障がい者支援と哲学

障がい者支援と哲学

岐阜で障がい者支援施設オークハウスを運営するTETSUが、ケア倫理やクオリア、「関係性」「場」を軸に、障害福祉を哲学的に問い直すブログです。

人はなぜ「ここにいていい」と感じる場を求めるのか

 

「居場所」という言葉は、障がい者支援の文脈でよく使われます。
安心して過ごせる場所。自分のままでいられる場所。受け入れてもらえる場所。

しかし、この言葉は本来、特定の誰かのためのものではありません。

人間にとって、居場所は特別なものではなく、生きていくための前提条件なのだと思います。

心理学者のアブラハム・マズローは、人間の欲求の中に「所属と愛情の欲求」を位置づけました。
誰かとつながりたい。どこかに属していたい。関係の中にいたい。

この欲求は、特別なものではなく、ほとんどの人が持っているものです。

さらに言えば、人はただ所属するだけでは満たされません。
その中で認められたい、受け入れられたいという思いも同時に持っています。

いわゆる承認欲求です。

しかし、ここで少し視点を変えてみたいのです。

私たちは「所属しているから安心できる」と考えがちですが、
実際には逆のことも起きています。

安心できる関係があるから、そこが居場所になる。

哲学者のマルクス・ガブリエルは、世界はひとつではなく、複数の「意味の場」によって成り立っていると述べました。

職場という場。
家庭という場。
友人関係という場。
そして、ケアの場。

人はこれらの場の中で、自分の位置を持ち、存在を感じています。

つまり、人は単独で存在しているのではなく、
場の中でしか自分を感じることができない存在なのかもしれません。

この視点から見ると、「居場所がない」という状態は、単に孤独であるということではありません。
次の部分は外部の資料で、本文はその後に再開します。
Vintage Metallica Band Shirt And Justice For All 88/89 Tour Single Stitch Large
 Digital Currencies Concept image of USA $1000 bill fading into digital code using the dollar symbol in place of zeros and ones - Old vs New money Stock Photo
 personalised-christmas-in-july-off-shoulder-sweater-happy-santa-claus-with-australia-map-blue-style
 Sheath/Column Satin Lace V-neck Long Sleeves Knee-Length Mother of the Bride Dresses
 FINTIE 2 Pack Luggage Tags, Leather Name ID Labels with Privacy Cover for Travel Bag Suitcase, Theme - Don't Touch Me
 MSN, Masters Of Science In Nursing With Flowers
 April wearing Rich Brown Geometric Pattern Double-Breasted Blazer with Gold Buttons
それは、自分がどこにも位置づけられていない状態でもあります。

ここに、現代社会の大きな問題があります。

つながりは増えているように見える。
情報も人も、常に周囲にある。

それでも、「ここにいていい」と感じられない人は少なくありません。

むしろ、関係が増えた分だけ、
自分がどこにも属していない感覚が強まることすらある。

障がい者支援の現場では、この問題がよりはっきりと現れます。

社会の中で位置づけられにくい人たち。
役割を与えられにくい人たち。
評価の枠組みに乗りにくい人たち。

そうした人たちにとって、「居場所」は特別な意味を持ちます。

しかしそれは、障がいのある人だけの問題ではありません。

仕事を失った人。
人間関係に疲れた人。
役割を見失った人。

誰もが、ある瞬間に「居場所を失う」可能性を持っています。

だからこそ、居場所とは“支援”ではなく、
人間にとっての基盤として考える必要があるのではないでしょうか。

ここで、承認欲求についても少し触れておきます。

承認という言葉は、ときにネガティブに扱われます。
「承認欲求が強い」と言えば、自己中心的な印象を持たれることもある。

しかし本来、承認とはもっと単純なものです。

「ここにいていい」
「そのままでいい」

そう言われること。

それは評価とは違います。
優れているかどうかではなく、存在が受け入れられているかどうかの問題です。

哲学的に言えば、これは「存在の肯定」に近いものです。

人は、何かができるから認められるのではなく、
まず存在していることが受け入れられることで、初めて安心する。

その上で、関係が広がり、行動が生まれ、
結果として何かができるようになっていく。

順番は逆なのかもしれません。

居場所があるから、人は動ける。
認められているから、人は関わろうとする。

この構造を無視して、「まずは努力しろ」「役に立て」と言ってしまうと、
居場所のないまま人を動かそうとすることになります。

それは、とても不安定な状態です。

障がい者支援の現場で行われていることは、
特別なことではありません。

ただ、人が安心して存在できる場を維持すること。
関係が壊れないようにすること。

それは、どの人間にも必要な条件です。

居場所とは、与えられるものではなく、
関係の中で少しずつ作られていくものです。

そしてその関係は、評価や役割だけでは成立しません。

ただそこにいていい、という感覚。
その感覚を支える場。

それがなければ、どれだけ能力があっても、どれだけ成果を出しても、
人はどこかで立ち止まってしまうのではないでしょうか。

居場所とは、特別な支援ではなく、
人間にとっての最低条件なのかもしれません。